## WHAT THE TASK REQUIRES
The expected output is every entry, repeated exactly.
[Opening MATERIAL FOR THE TASK section]
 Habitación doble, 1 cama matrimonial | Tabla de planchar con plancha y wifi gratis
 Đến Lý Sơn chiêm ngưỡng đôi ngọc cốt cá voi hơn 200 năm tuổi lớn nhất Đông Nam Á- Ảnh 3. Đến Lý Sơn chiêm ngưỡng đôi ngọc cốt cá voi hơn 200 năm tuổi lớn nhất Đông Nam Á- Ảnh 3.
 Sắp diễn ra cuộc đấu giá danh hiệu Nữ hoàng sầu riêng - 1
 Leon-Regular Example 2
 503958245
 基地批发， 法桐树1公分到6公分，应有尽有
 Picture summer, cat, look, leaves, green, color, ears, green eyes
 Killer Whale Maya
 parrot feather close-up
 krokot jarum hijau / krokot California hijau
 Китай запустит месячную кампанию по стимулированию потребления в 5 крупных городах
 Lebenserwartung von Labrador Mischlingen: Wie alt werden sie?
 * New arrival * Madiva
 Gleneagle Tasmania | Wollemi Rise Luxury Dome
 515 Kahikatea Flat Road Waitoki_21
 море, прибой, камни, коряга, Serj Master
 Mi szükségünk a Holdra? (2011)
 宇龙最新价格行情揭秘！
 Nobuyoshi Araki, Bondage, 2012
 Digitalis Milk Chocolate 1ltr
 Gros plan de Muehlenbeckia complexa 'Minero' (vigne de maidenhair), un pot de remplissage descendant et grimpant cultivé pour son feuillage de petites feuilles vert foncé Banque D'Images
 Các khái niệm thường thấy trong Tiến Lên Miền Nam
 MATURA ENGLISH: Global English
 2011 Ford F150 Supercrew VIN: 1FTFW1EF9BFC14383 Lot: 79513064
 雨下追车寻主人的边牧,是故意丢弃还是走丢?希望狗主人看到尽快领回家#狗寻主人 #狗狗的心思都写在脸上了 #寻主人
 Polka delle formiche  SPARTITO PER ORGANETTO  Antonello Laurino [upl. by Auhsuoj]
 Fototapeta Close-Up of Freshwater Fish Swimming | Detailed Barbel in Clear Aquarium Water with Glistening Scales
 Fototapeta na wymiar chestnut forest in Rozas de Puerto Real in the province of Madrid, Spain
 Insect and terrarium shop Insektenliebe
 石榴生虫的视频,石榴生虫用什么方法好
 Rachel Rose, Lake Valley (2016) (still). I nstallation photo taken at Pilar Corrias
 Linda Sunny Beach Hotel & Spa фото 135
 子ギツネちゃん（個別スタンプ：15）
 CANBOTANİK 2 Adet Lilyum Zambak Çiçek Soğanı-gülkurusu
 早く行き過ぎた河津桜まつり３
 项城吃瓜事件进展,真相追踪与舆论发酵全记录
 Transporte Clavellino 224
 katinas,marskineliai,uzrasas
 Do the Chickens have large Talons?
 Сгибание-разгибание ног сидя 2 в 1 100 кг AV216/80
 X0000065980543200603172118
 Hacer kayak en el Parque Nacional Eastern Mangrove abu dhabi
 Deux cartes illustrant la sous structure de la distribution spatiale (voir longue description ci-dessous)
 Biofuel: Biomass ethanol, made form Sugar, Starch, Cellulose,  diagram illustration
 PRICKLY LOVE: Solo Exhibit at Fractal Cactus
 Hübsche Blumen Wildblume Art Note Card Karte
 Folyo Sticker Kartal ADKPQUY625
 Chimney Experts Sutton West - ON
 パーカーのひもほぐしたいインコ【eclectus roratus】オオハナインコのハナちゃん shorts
[Closing MATERIAL FOR THE TASK section]
## FINAL ANSWER
 Habitación doble, 1 cama matrimonial | Tabla de planchar con plancha y wifi gratis
 Đến Lý Sơn chiêm ngưỡng đôi ngọc cốt cá voi hơn 200 năm tuổi lớn nhất Đông Nam Á- Ảnh 3. Đến Lý Sơn chiêm ngưỡng đôi ngọc cốt cá voi hơn 200 năm tuổi lớn nhất Đông Nam Á- Ảnh 3.
 Sắp diễn ra cuộc đấu giá danh hiệu Nữ hoàng sầu riêng - 1
 Leon-Regular Example 2
 503958245
 基地批发， 法桐树1公分到6公分，应有尽有
 Picture summer, cat, look, leaves, green, color, ears, green eyes
 Killer Whale Maya
 parrot feather close-up
 krokot jarum hijau / krokot California hijau
 Китай запустит месячную кампанию по стимулированию потребления в 5 крупных городах
 Lebenserwartung von Labrador Mischlingen: Wie alt werden sie?
 * New arrival * Madiva
 Gleneagle Tasmania | Wollemi Rise Luxury Dome
 515 Kahikatea Flat Road Waitoki_21
 море, прибой, камни, коряга, Serj Master
 Mi szükségünk a Holdra? (2011)
 宇龙最新价格行情揭秘！
 Nobuyoshi Araki, Bondage, 2012
 Digitalis Milk Chocolate 1ltr
 Gros plan de Muehlenbeckia complexa 'Minero' (vigne de maidenhair), un pot de remplissage descendant et grimpant cultivé pour son feuillage de petites feuilles vert foncé Banque D'Images
 Các khái niệm thường thấy trong Tiến Lên Miền Nam
 MATURA ENGLISH: Global English
 2011 Ford F150 Supercrew VIN: 1FTFW1EF9BFC14383 Lot: 79513064
 雨下追车寻主人的边牧,是故意丢弃还是走丢?希望狗主人看到尽快领回家#狗寻主人 #狗狗的心思都写在脸上了 #寻主人
 Polka delle formiche  SPARTITO PER ORGANETTO  Antonello Laurino [upl. by Auhsuoj]
 Fototapeta Close-Up of Freshwater Fish Swimming | Detailed Barbel in Clear Aquarium Water with Glistening Scales
 Fototapeta na wymiar chestnut forest in Rozas de Puerto Real in the province of Madrid, Spain
 Insect and terrarium shop Insektenliebe
 石榴生虫的视频,石榴生虫用什么方法好
 Rachel Rose, Lake Valley (2016) (still). I nstallation photo taken at Pilar Corrias
 Linda Sunny Beach Hotel & Spa фото 135
 子ギツネちゃん（個別スタンプ：15）
 CANBOTANİK 2 Adet Lilyum Zambak Çiçek Soğanı-gülkurusu
 早く行き過ぎた河津桜まつり３
 项城吃瓜事件进展,真相追踪与舆论发酵全记录
 Transporte Clavellino 224
 katinas,marskineliai,uzrasas
 Do the Chickens have large Talons?
 Сгибание-разгибание ног сидя 2 в 1 100 кг AV216/80
 X0000065980543200603172118
 Hacer kayak en el Parque Nacional Eastern Mangrove abu dhabi
 Deux cartes illustrant la sous structure de la distribution spatiale (voir longue description ci-dessous)
 Biofuel: Biomass ethanol, made form Sugar, Starch, Cellulose,  diagram illustration
 PRICKLY LOVE: Solo Exhibit at Fractal Cactus
 Hübsche Blumen Wildblume Art Note Card Karte
 Folyo Sticker Kartal ADKPQUY625
 Chimney Experts Sutton West - ON
 パーカーのひもほぐしたいインコ【eclectus roratus】オオハナインコのハナちゃん shorts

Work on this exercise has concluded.